--- Try it ---
In the copy, include no images. Reproduce the entries exactly.

Caption-style text data:
* * *

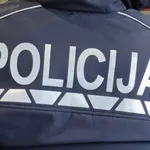 Toliko glob so danes spisali policisti na državni proslavi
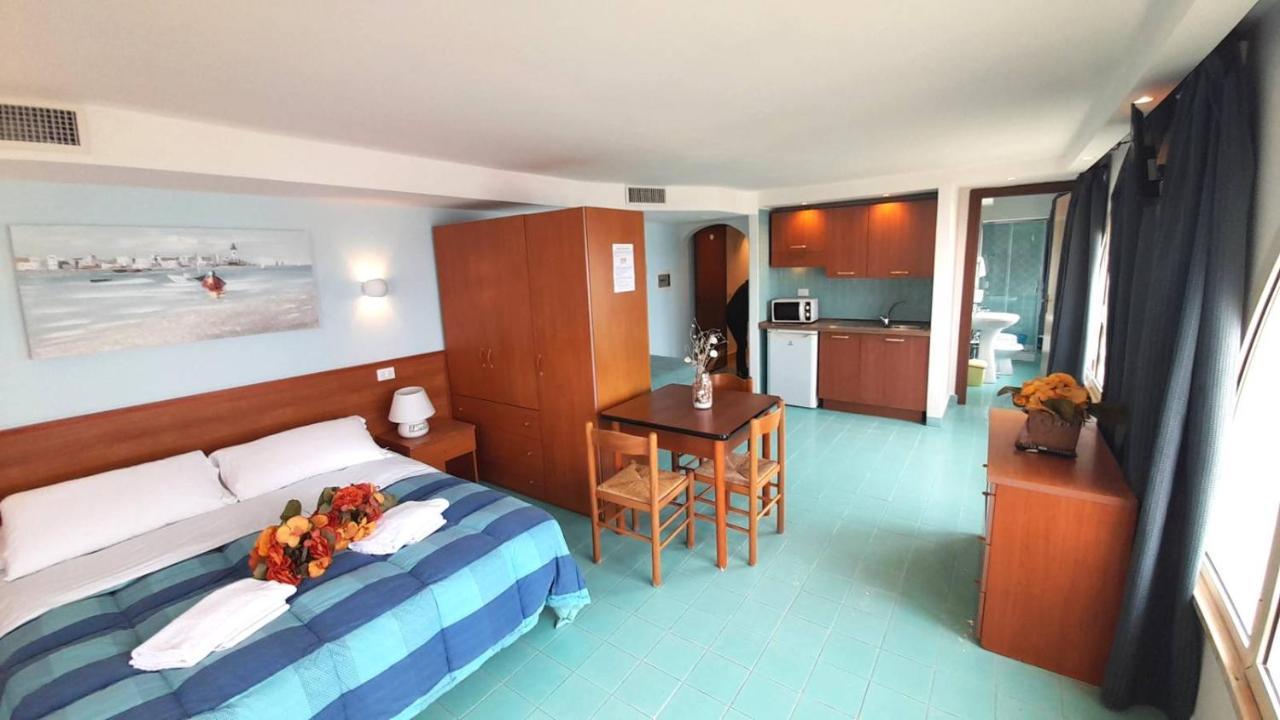 Monolocale con Vista Mare (3 Adulti)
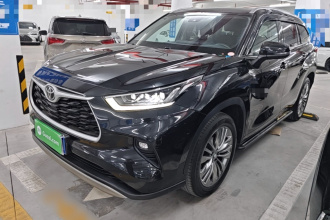 丰田 汉兰达 2022款 380T 四驱尊贵版 7座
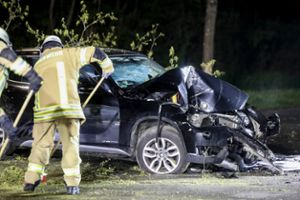 Raserunfall in Schwenningen: BMW zerteilt Baum, Fahrer lässt verletzte Freundin zurück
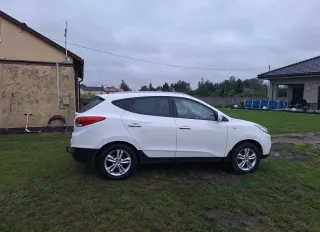 Hyundai ix35 2.0 — zdjęcie 8
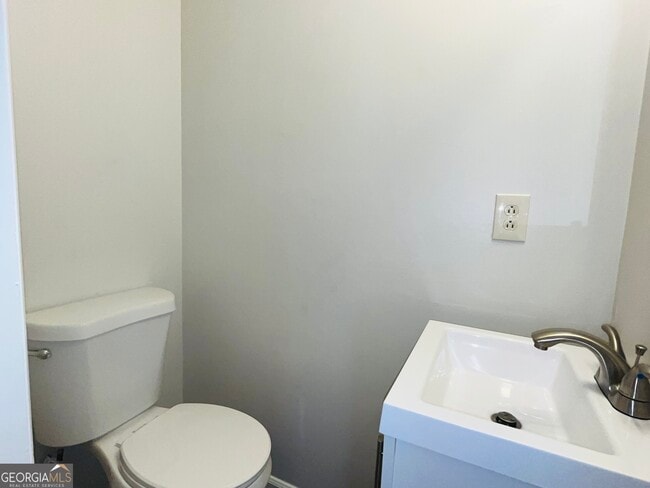 Building Photo - 17 Curran Ave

* * *

--- Reply ---
 Toliko glob so danes spisali policisti na državni proslavi
 Monolocale con Vista Mare (3 Adulti)
 丰田 汉兰达 2022款 380T 四驱尊贵版 7座
 Raserunfall in Schwenningen: BMW zerteilt Baum, Fahrer lässt verletzte Freundin zurück
 Hyundai ix35 2.0 — zdjęcie 8
 Building Photo - 17 Curran Ave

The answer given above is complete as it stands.